In the bowl of a stand mixer fitted with the paddle attachment, add the flour, sugar, cocoa powder, bicarb soda, baking powder and salt. Mix on low speed until well combined.

Add the milk, oil and apple cider vinegar. Mix on low speed until no dry ingredients are showing. Scrape down the bowl, add frozen raspberries and fold in.

Fill four 8” cake tins with batter.

Bake for 45 min or until a toothpick inserted comes out clean. Allow the tins to cool for 2 min and then carefully flip the cake tins over on to a cooling rack to cool completely. I like to chill them overnight.

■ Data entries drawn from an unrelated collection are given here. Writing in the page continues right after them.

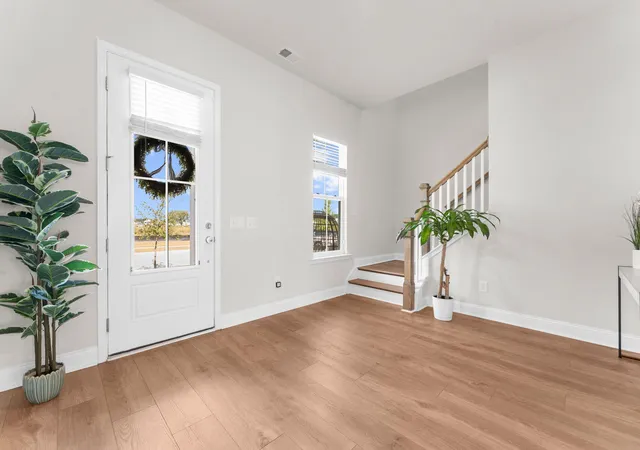 Photo 3 of Single family home for sale at 1086 Scotch Bonnet Way, Summerville, SC 29485 | MLS# 26027240 | Listing updated on 2026-10-25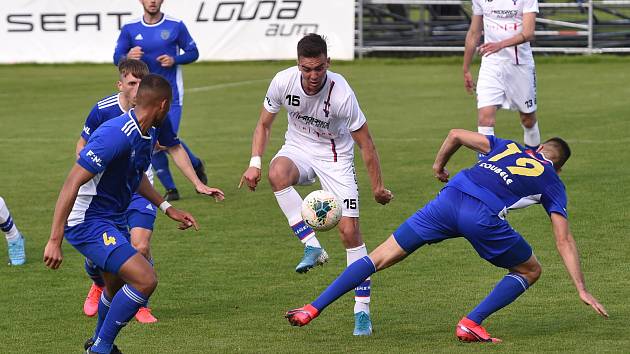 Jihlavští fotbalisté (v modrém) v Líšni remizovali 1:1, když výhru ztratili ve druhé minutě nastaveného času.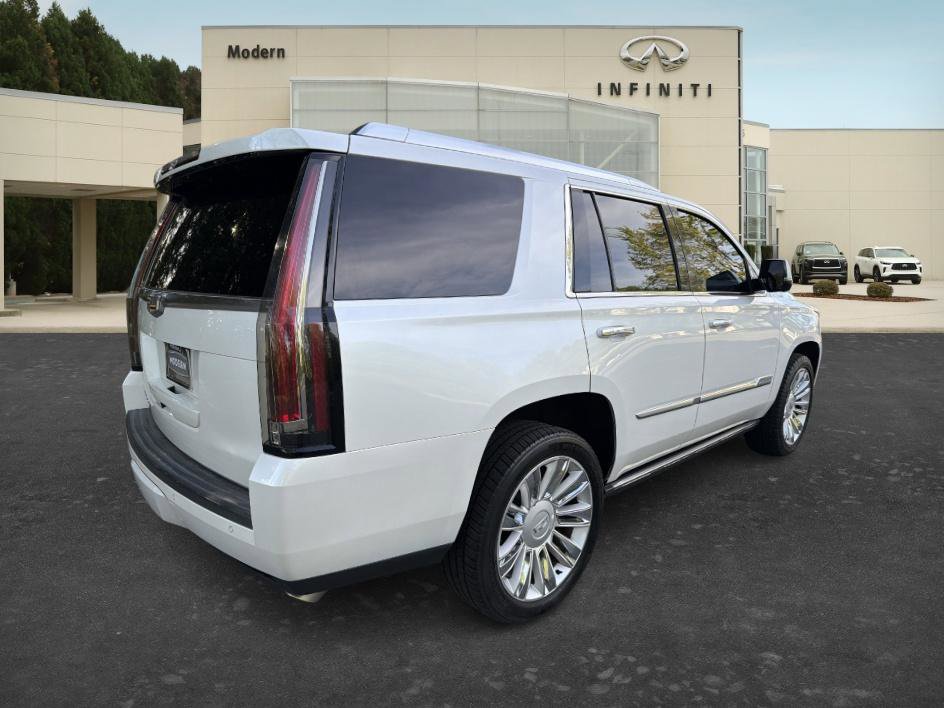 Used 2016 Cadillac Escalade Platinum image 5
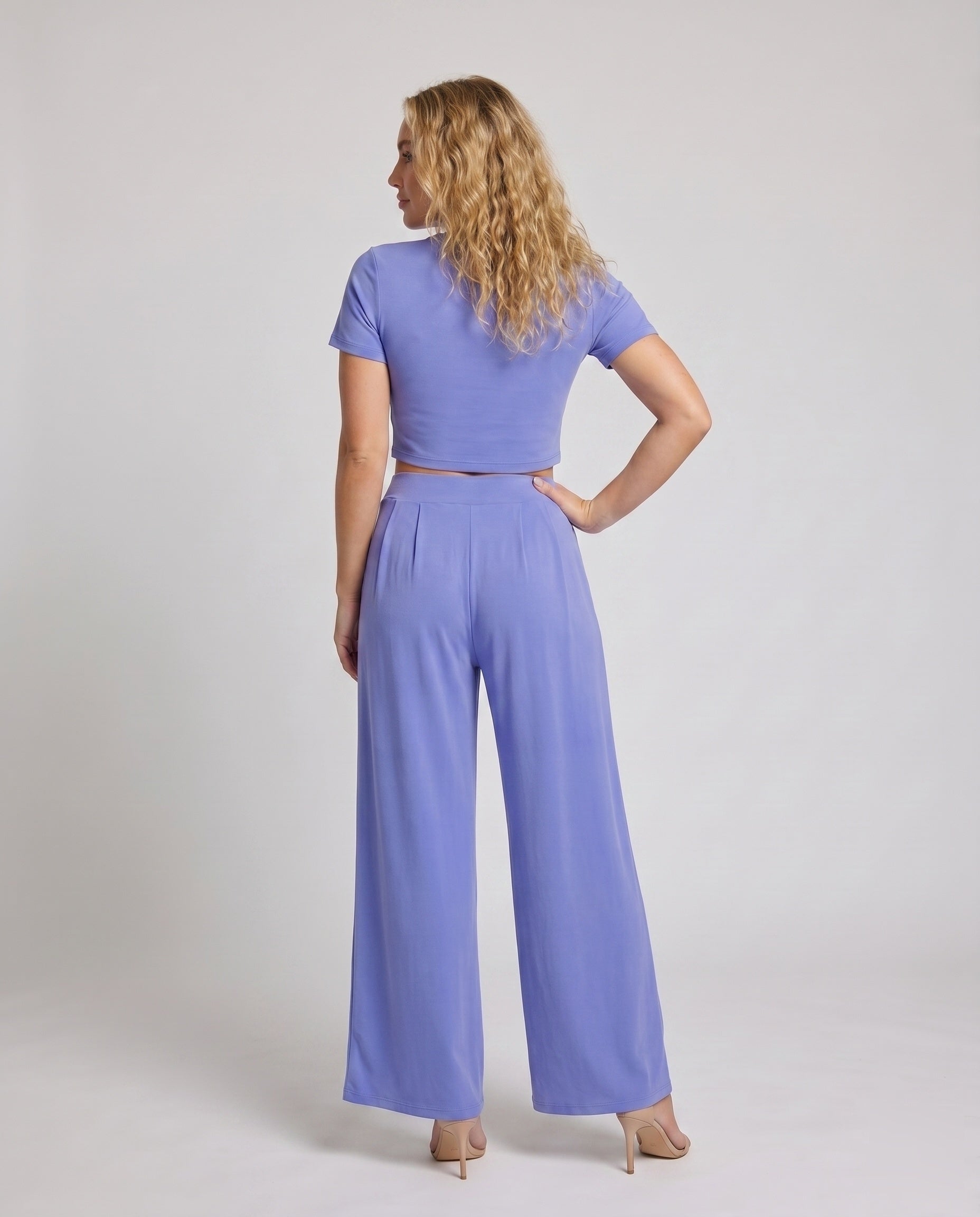 Product 15639215604042 - back_view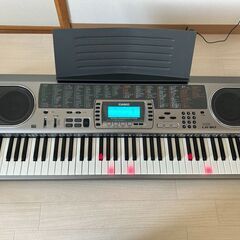 電子ピアノ　CASIO　LK80　73 鍵盤の光ナビキーボード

Using a large serrated knife, carefully trim the top off each layer of cake to make even and flat layers. Try to aim to get them all the same height. An easy way to do this is to find the lowest height of the cake, place a skewer or toothpick next to that point and mark it. As you go around each side of the cake cutting it, use the marked skewer to make sure each cut is at the same height. My cakes baked flat so I didn’t need to do this.

To prepare crumb coat, add a dab of frosting onto an 8” cake board or serving plate. Add first cake layer. Use a small offset to add a layer of frosting and smoothen out and layer the frosting on each layer before adding the next layer of cake. Add more frosting around the outside to fill the grooves between each layer. This should just be a neat thin layer of frosting which is aimed at trapping any cake crumbs so that random bits of cake crumbs don’t show up on the outside of the cake. Chill for 2 hours or overnight

Add a fresh layer of frosting using a small offset spatula. Use a cake scraper to smoothen out the frosting around the sides. Then smoothen out the top using the cake scraper. Chill.

To finish the cake, add freeze dried raspberries to the side of the cake. Start off heavy at the bottom and then add less as you go toward the top to get kind of an ombre effect.

Fit the end of a piping bag with a Wilton 1M piping tip and frost swirls on the top. Sprinkle with more freeze dried raspberries.